Workflows: Selection interface

Usually a workflow consists of a list of tasks to be executed back-to-back according to pre-defined dependency rules related to data passing, e.g. the output of task is the input of another task, or data availability, e.g. a dataset can be downloaded from a repository only when it has been published on that repository, a dataset could be deleted only when it has been processed by all the intended tasks, etc. As a consequence, the workflow can be represented as a “static” task graph.

The adoption of the operator OPH_FOR enables a workflow to include parallel tasks or iterative tasks (that can be executed more times, maybe processing several datasets), thus providing greater dynamism while saving representation simplicity.

The Selection interface provides further flexibility by enabling the Workflow manager to execute one or more tasks based on boolean conditions that could be checked at run-time and depend on input parameters, data, metadata, etc.
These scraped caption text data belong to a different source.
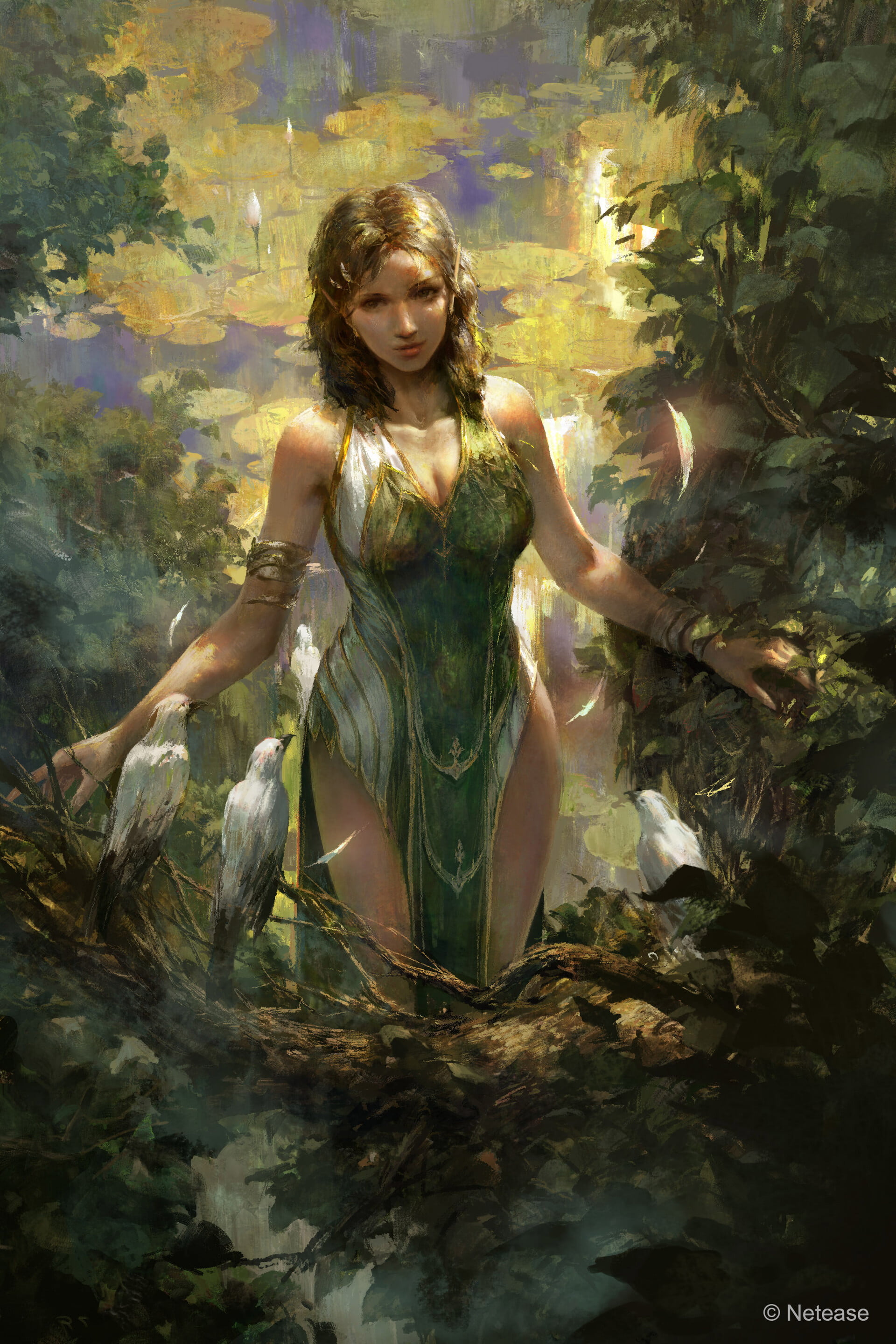 fantasy art, fantasy girl, Mazert Young, 2K, artwork, Phone HD Wallpaper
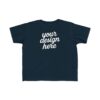 Toddler's Customizable Fine Jersey Tee - Cute Kids Shirt, Birthday Gift, Everyday Wear, Personalized Gift, Playdate Outfit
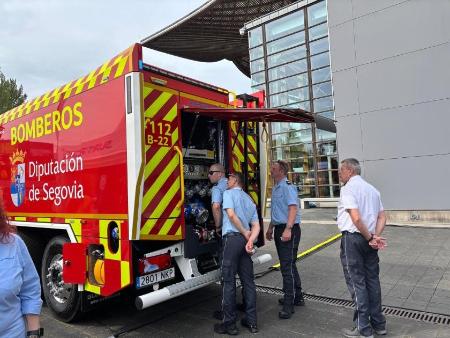 Imagen Una bomba nodriza de la Diputación de Segovia sirve de ejemplo en Hannover para una feria internacional del sector de rescate, emergencias y protección civil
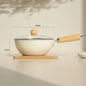 Mini Ceramic Non-Stick Frying Pan Wok Home Egg Steak Skillet Pancake Fried Induction Cooker Gas Stove Saucepan Kitchen Cookware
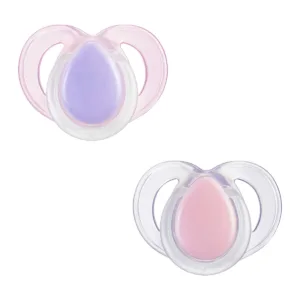 Set 2 suzete ortodontice silicon Tommee Tippee Night 18-36 luni Pink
The development of the Selection interface involved the design of new Ophidia operators:

  1. OPH_IF
  2. OPH_ELSEIF
  3. OPH_ELSE
  4. OPH_ENDIF

Similarly to other flow control operators (such as OPH_FOR), they does not process data or metadata directly, but they could be adopted to enable (or to skip) the execution of a set of tasks based on run-time conditions. For instance, the operator OPH_IF evaluates a conditional test (including mathematical and logic operators) such as

50 < 100
@A > 5
@B + 273 < 30
@A <= @B

where variables @A and @B are set using OPH_SET, and enables the execution of its task children only in case the test is positive, otherwise the task children are skipped.

Next sections report some sample workflows where the Selection interface is used. First of all a simple workflow with an optional task is considered (one selection block). Then, a workflow with two disjoint tasks is shown. Finally, let us consider a workflow with more disjoint alternatives.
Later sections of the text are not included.